No início da década de 1970, o Brasil vivia o clima de repressão, junto com a euforia da Copa do Mundo. Os Paiva enfrentam o endurecimento da ditadura militar na própria pele. Rubens, Eunice e seus cinco filhos vivem à beira da praia em uma casa de portas abertas para os amigos. Um dia, Rubens Paiva é levado por militares à paisana e desaparece. Eunice vê sua busca pela verdade sobre o destino de seu marido se estender por décadas. Eunice vira advogada e filho Marcelo vira um famoso escritor, que escreveu o livro que dá nome ao filme  


Queria escrever antes de qualquer coisa o quanto é necessário uns 10 ou 20 filmes parecidos ou do mesmo calibre que Ainda Estou Aqui. É muito triste ver tão poucos bons filmes nacionais, ou a completa extinção das boas novelas. O livro de Rubens vai focar na vida deles em SP (depois do desaparecimento do pai), mas o filme sabe mostrar essa felicidade e opulência (contraditoriamente), da época da ditadura militar, apesar de toda repressão, o clima em 1970 era de Copa do Mundo, era os tempos de "Ame-o ou Deixo-o". 
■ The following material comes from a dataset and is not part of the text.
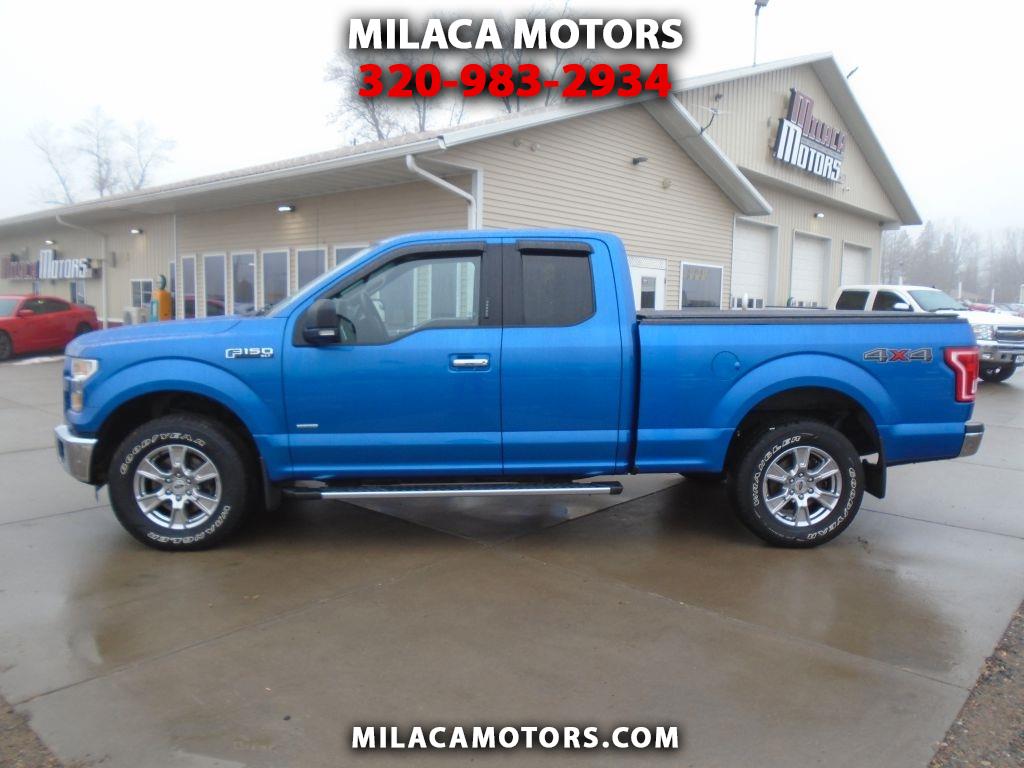 2016 Ford F-150 Lariat SuperCab 8-ft. 4WD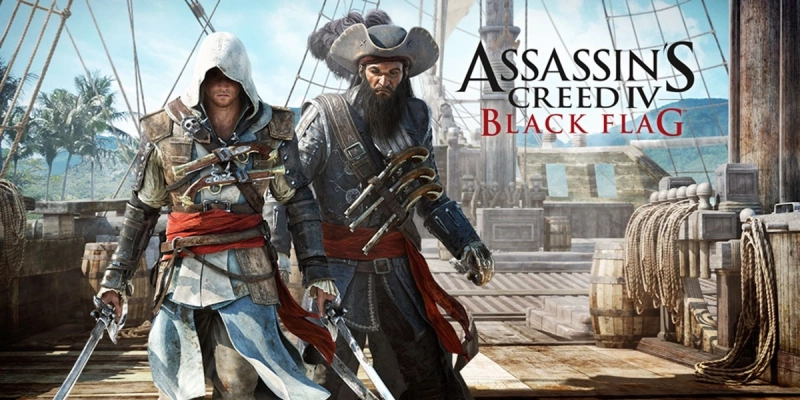 Исследуем художественные глубины Assassin's Creed IV: Black Flag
O filme mostra essa ideia do álbum de família e das recordações familiares em meio a todos os conflitos e perseguições, a família Paiva se destacou por tentar manter a social democracia dos costumes acima da loucura dos tempos política. Uso da câmera pessoal, da própria família para registrar os momentos deles, a ideia dos álbuns de família, das lembranças familiares tem essa força extra no filme, mostra esse amor e esse cuidado entre os membros da família, especialmente com a chegada da doença da mãe, que no filme no fim da vida é interpretada pela mãe de Fernanda Torres, a imortal Fernanda Montenegro. 
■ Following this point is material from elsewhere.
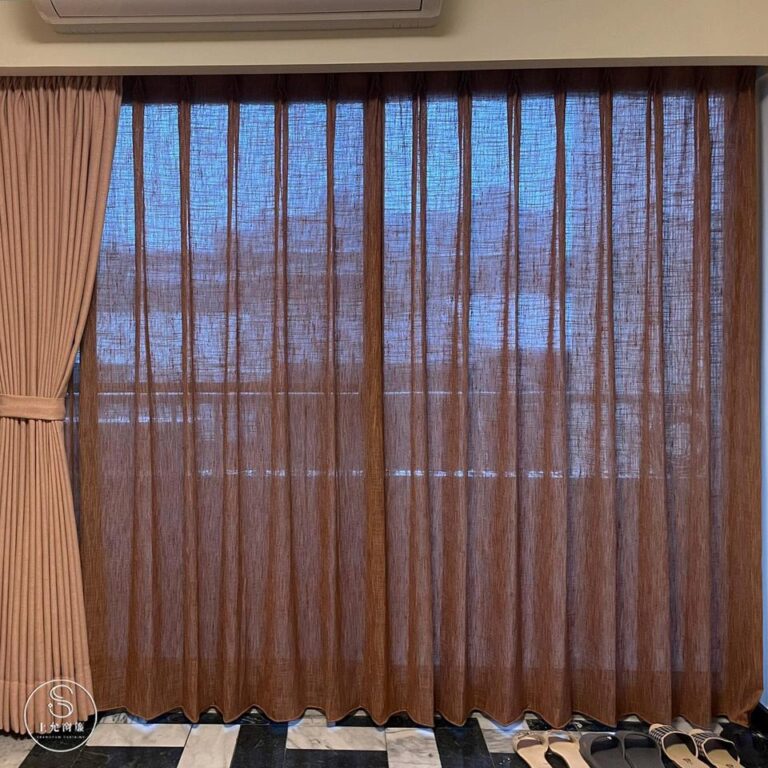 紗簾挑錯風格？讓你的家裝效果大打折扣｜上允窗簾-1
Com sinceridade, Walter Salles ou Fernanda Torres não precisam de mais divulgação, Fernanda foi a atriz que mais citei no blog, por ter feito de dois filmes dela praticamente desconhecidos, um com o Antony Hopkins e o outro Inocência (adaptação de um livro do século XIX brasileiro que chegou até a influenciar o cinema de Scorsese), fiquei surpreendida com ela agora ganhando o Globo de Ouro (um momento histórico para nós brasileiros, foi a nossa primeira vez ganhando e não apenas indicados). Vou continuar torcendo no Oscar, plenamente consciente das injustiças históricas da academia, ou seja, a gente torce mesmo sem acreditar (no prêmio, no caso). 
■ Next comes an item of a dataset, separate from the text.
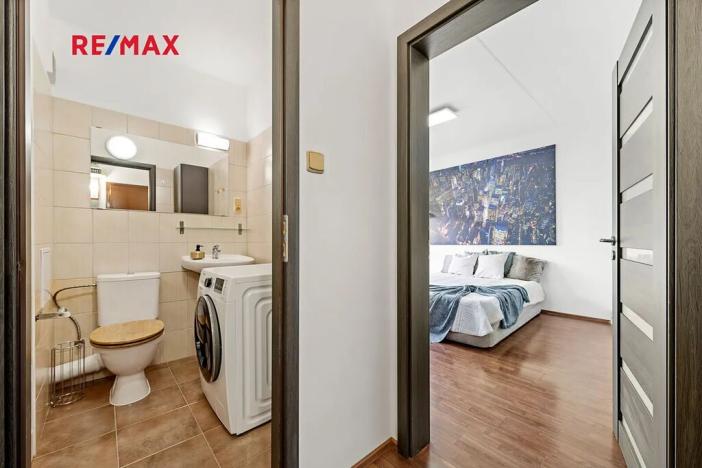 Pronájem bytu 1+kk, Praha - Chodov, Benkova, 30 m2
Apesar de não precisar dizer, que em um filme onde o diretor é o grande Walter Salles, Fernanda que parecia nem querer fazer o filme inicialmente, foi a GRANDE coisa do filme, sua atuação segura tudo e combina com a visão de Rubens que mostrar o quanto a sua família se manteve pela aptidão e desenvoltura da mãe, que na ausência do pai se converteu de dona de casa que fazia preparava o whisky do marido em uma advogada de fama internacional. Apesar de sentir a distância da realidade de uma família rica, com seus amores, mestrado e doutorados, precisamos admitir a importância dessa temática que repercute até hoje em dia nos debates de política. 


A família Paiva não era comunista dos assaltos a bancos, não era a galera mais ideológica que sequestrava os embaixadores, eles apenas queriam a opulência do progressismo que viviam dentro do seio familiar e isso não foi respeitado e o pai de família foi retirado de maneira abrupta interrompendo essa vida perfeita que a família vivia. Legal do filme mostrar essa auto crítica, a família Paiva tentando viver a própria vida e curtir a vida, acabavam como o resto do povo brasileiro tentando ignorar os sinais de distopia real, da veraneio na esquina com tropas controlando tudo. 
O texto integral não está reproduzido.